Center for Molecular Oncology, Memorial Sloan Kettering Cancer Center, New York, New York.
Clin Cancer Res. 2022 Jun 13;28(12):2669-2678. doi: 10.1158/1078-0432.CCR-21-4016.
In patients with locally advanced esophageal adenocarcinoma, response to neoadjuvant therapy strongly predicts survival, but robust molecular predictors of response have been lacking. We therefore sought to discover meaningful predictors of response in these patients.
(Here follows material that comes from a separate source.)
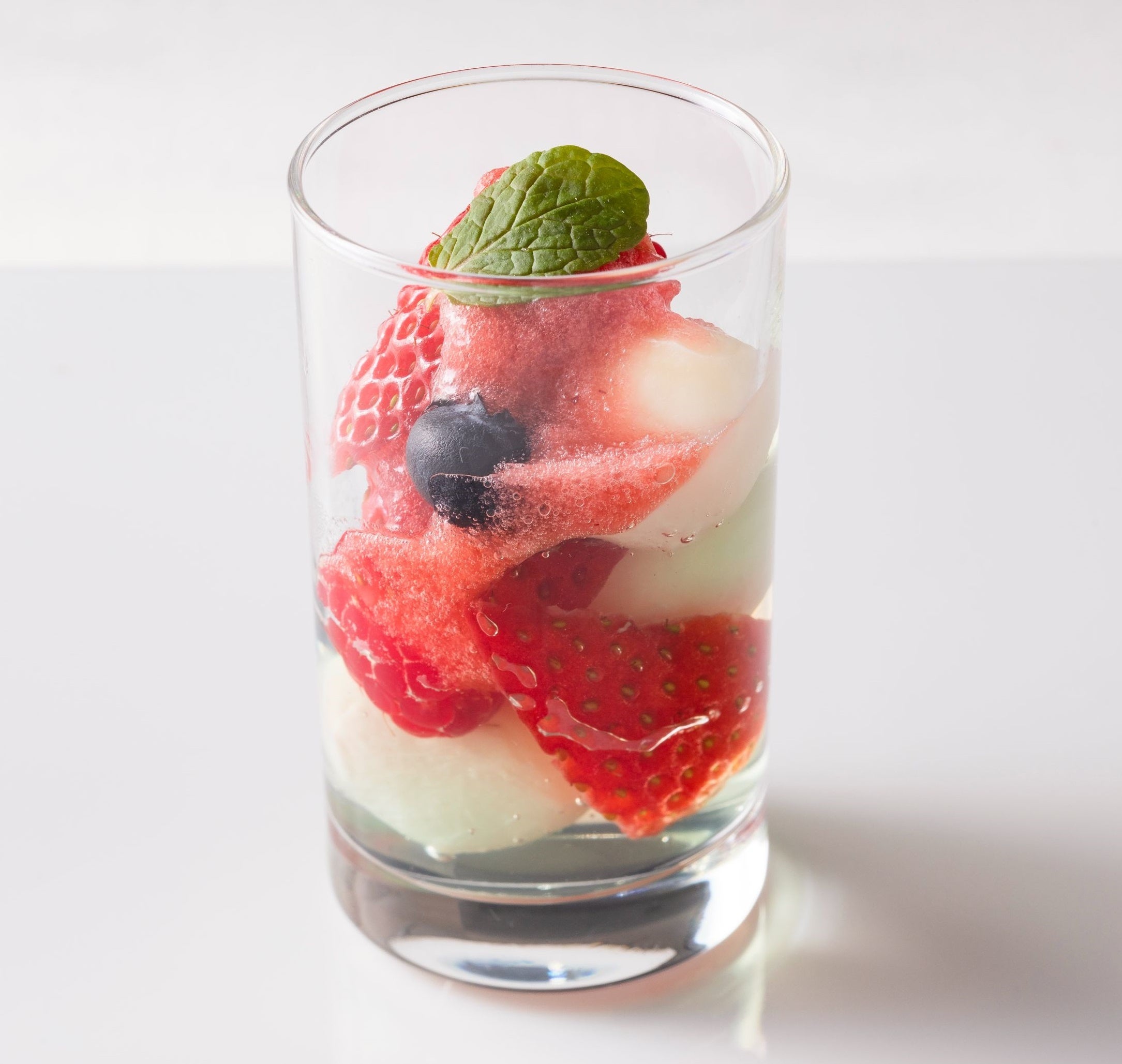 イチゴ・モッツァレラチーズ・ミントジュレのカクテル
We retrospectively identified all patients with adenocarcinoma of the lower esophagus or gastroesophageal junction who (i) were treated with multimodality therapy with curative intent at our institution from 2014 through 2020 and (ii) underwent prospective sequencing by Memorial Sloan Kettering-Integrated Mutation Profiling of Actionable Cancer Targets. Clinicopathologic and genomic data were analyzed to identify potential genomic features, somatic alterations, and oncogenic pathways associated with treatment response.
In total, 237 patients were included. MDM2 amplification was independently associated with poor response to neoadjuvant therapy [OR, 0.10 (95% confidence interval, 0.01-0.55); P = 0.032], when accounting for significant clinicopathologic variables, including clinical stage, tumor grade, and chemotherapy regimen. Moreover, TP53 pathway alterations, grouped according to inferred severity of TP53 dysfunction, were significantly associated with response to neoadjuvant therapy (P = 0.004, q = 0.07). Patients with MDM2 amplifications or truncating biallelic TP53 mutations had similar outcomes in terms of poor responses to neoadjuvant therapy and, consequently, shorter progression-free survival, compared with patients with TP53 pathway wild-type tumors. Thus, worsening TP53 dysfunction was directly correlated with worse outcomes.
MDM2 amplification and TP53 status are associated with response to therapy in patients with esophageal adenocarcinoma. Given the dearth of actionable targets in esophageal adenocarcinoma, MDM2 inhibition, in combination with cytotoxic chemotherapy, may represent an important therapeutic strategy to overcome treatment resistance and improve outcomes in these patients.
在局部晚期食管腺癌患者中,对新辅助治疗的反应强烈预测生存,但缺乏反应的强大分子预测因子。因此,我们试图在这些患者中发现有意义的反应预测因子。
我们回顾性地确定了所有在我们机构接受根治性多模式治疗的下段食管或胃食管交界处腺癌患者(i)于 2014 年至 2020 年期间接受前瞻性测序,并进行了前瞻性测序通过纪念斯隆凯特琳综合行动癌症靶点突变分析。分析临床病理和基因组数据,以确定与治疗反应相关的潜在基因组特征、体细胞改变和致癌途径。
共纳入 237 例患者。MDM2 扩增与新辅助治疗的不良反应独立相关[OR,0.10(95%置信区间,0.01-0.55);P = 0.032],当考虑到显著的临床病理变量,包括临床分期、肿瘤分级和化疗方案。此外,根据推测的 TP53 功能障碍严重程度分组的 TP53 通路改变与新辅助治疗的反应显著相关(P = 0.004,q = 0.07)。与 TP53 通路野生型肿瘤相比,MDM2 扩增或双等位 TP53 突变截断的患者对新辅助治疗的反应较差,因此无进展生存期较短,结果相似。因此,TP53 功能障碍的恶化与较差的结果直接相关。
MDM2 扩增和 TP53 状态与食管腺癌患者的治疗反应相关。鉴于食管腺癌中缺乏可操作的靶点,MDM2 抑制联合细胞毒性化疗可能代表一种重要的治疗策略,可以克服治疗耐药性,改善这些患者的预后。